=== Exercise ===
Please work out how many lines in the data below contain "simple", and reply with that number alone.

(Beginning of Exercise data)

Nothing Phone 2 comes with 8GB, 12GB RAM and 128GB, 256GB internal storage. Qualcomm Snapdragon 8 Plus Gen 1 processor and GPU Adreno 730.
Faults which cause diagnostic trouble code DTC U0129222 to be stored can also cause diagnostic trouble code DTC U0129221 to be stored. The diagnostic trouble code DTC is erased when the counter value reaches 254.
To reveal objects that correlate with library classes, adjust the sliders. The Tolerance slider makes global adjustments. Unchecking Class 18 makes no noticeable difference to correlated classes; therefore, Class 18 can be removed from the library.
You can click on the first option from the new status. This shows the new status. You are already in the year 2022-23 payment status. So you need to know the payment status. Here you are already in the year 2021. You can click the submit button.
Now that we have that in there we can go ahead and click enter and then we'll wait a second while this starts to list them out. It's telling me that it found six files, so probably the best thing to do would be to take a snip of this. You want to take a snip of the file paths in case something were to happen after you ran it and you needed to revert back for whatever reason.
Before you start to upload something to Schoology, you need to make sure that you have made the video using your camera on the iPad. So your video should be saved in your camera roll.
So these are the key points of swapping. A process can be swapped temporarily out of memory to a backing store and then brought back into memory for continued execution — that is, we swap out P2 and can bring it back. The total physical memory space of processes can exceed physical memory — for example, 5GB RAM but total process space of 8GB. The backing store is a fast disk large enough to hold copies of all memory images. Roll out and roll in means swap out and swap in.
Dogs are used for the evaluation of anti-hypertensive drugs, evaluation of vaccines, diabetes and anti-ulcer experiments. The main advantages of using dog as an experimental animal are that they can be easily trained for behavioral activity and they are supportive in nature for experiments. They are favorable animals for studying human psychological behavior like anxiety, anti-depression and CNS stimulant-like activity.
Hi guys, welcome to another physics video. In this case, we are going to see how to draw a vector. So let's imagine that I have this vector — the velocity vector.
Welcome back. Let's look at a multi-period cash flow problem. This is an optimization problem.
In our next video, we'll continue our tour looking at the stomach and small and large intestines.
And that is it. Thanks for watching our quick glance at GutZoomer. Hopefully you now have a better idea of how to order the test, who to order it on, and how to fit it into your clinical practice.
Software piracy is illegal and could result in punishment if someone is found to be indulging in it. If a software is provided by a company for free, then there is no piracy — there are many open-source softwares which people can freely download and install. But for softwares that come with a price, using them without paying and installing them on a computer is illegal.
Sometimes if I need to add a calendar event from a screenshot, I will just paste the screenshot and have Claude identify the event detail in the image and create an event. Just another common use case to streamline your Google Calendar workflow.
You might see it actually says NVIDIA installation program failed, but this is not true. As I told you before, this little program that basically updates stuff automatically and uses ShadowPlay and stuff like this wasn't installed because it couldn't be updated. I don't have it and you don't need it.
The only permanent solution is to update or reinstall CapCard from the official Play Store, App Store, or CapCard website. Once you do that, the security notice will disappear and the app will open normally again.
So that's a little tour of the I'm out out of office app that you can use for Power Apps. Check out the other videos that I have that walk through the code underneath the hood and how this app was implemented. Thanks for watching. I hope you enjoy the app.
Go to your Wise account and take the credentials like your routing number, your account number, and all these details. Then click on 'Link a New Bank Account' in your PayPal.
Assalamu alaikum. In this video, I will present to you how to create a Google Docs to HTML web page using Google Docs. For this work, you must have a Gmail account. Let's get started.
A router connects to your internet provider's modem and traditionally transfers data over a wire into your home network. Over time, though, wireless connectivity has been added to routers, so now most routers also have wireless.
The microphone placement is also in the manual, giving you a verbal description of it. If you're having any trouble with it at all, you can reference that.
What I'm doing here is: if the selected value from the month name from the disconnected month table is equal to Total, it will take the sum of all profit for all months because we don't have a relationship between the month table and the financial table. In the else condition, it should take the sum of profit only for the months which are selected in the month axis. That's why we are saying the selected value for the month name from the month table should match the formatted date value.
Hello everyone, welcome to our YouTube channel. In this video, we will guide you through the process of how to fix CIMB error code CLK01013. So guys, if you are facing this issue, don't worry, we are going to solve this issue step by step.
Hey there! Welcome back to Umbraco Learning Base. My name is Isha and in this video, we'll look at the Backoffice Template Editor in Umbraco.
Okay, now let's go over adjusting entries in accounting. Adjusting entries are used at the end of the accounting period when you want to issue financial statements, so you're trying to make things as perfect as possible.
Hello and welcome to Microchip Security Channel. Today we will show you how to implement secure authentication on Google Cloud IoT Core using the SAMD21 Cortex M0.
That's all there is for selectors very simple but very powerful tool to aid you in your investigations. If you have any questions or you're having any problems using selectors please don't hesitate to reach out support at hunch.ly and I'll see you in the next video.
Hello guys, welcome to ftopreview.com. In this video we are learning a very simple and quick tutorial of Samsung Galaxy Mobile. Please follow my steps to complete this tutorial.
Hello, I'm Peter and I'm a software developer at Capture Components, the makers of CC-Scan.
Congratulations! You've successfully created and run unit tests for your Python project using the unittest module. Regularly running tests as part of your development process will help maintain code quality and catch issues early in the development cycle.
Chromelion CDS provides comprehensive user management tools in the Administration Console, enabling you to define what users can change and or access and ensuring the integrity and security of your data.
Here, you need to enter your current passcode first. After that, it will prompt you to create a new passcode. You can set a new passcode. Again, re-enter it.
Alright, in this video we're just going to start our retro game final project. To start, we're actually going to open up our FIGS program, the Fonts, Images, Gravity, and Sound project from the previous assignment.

(End of Exercise data)

=== Result ===
2